Un peu d’Histoire…Sur l’avant du GREC en 1956.
C’était donc, je pense, en juin 1956… J’étais
matelot dans la marine Nationale et surtout plongeur,
au GERS, avec mes amis de Sogétram Cabro, Jo Imbert, et Daniel Fourcade, Foufour pour les copains.
Frédéric Dumas lui, y était détaché comme Ingénieur.
Un matin le commandant l’appelle dans son bureau et lui confie une mission de la plus haute importance :
- Frédéric lui dit-il, tu vas prendre ta journée et aller à Marseille voir ce vieux scaphandrier lourd qui t’a dit savoir où se trouve l’avant du GREC. Nous partirons demain, Vendredi aux îles (Porquerolles et Port-Cros) essayer du matériel. Samedi matin au retour, nous irons rechercher le morceau de cette épave dont tout le monde parle et où personne n’a jamais plongé. À part ton Scaphandrier, si c’est vrai.
M. Dumas partit derechef à Marseille et nous rapporta le soir même tous les éléments nécessaires à la découverte de cette tranche d’épave.

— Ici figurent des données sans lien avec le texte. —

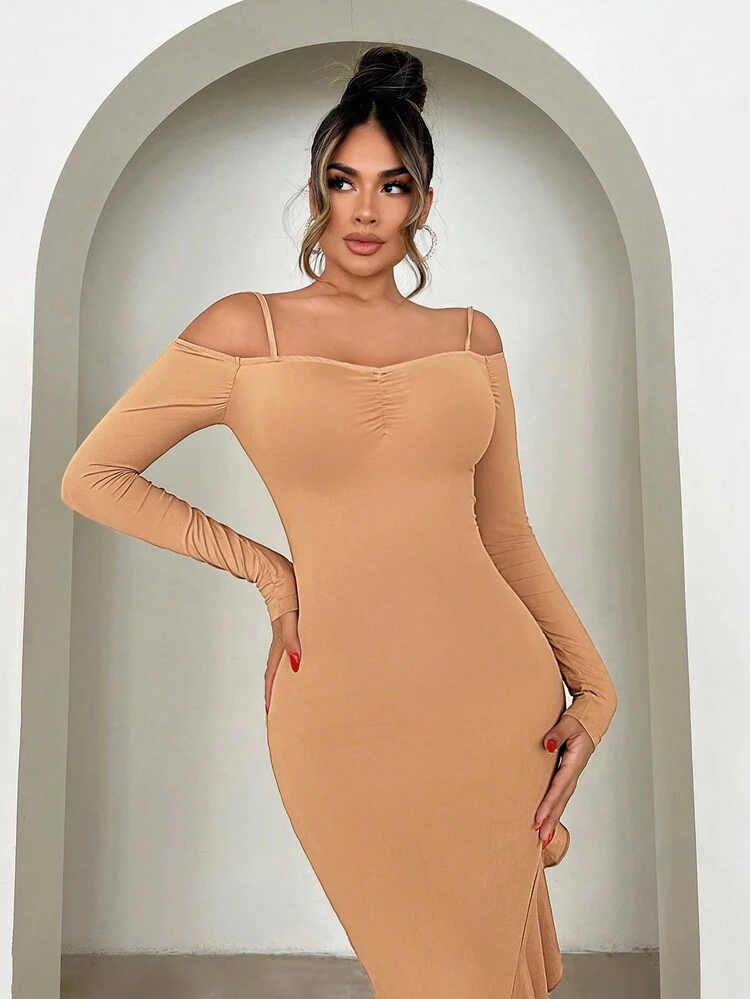 Women'S Off-Shoulder Ruffle Hem Bodycon Dress Valentine Day Dress Date Night Dress Spring Women Clothes Birthday Outfit Prom Dress Bachelorette Party Cocktail Dress Short Evening Dress Sexy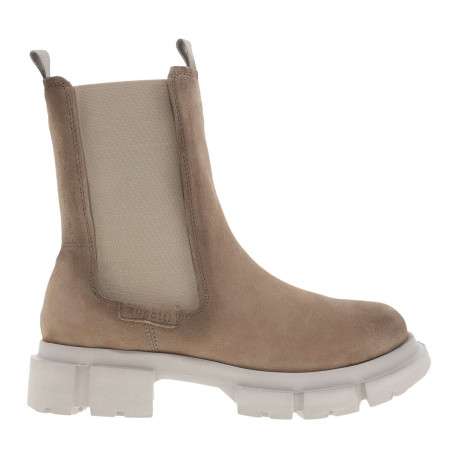 Boots beiges en cuir nubuck à semelle plateforme et talon moyen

Avant d’aller plus loin, que je vous explique ce qu’était à l’époque l’avant du Grec.
Il n’y avait pas tous ces clubs de plongées et leurs
palanquées autobus, se succédant sur les deux épaves connues maintenant, le Donator et un mille plus loin le Grec. Seule la Marine Nationale plongeait sur ces deux navires coulés en fait assez
récemment, en 1945, alors qu’ils étaient entrés dans un champ de mines pour se mettre à l’abri du mistral, dans la grande passe entre Porquerolles et Port-Cros.
Il y avait quelques scaphandriers lourds un peu pirates qui s’essayaient à y faire « un peu de cuivre »…
Maintenant Le Donator, le Grec et même l’avant du Grec sont visités par des foules de plongeurs de loisirs.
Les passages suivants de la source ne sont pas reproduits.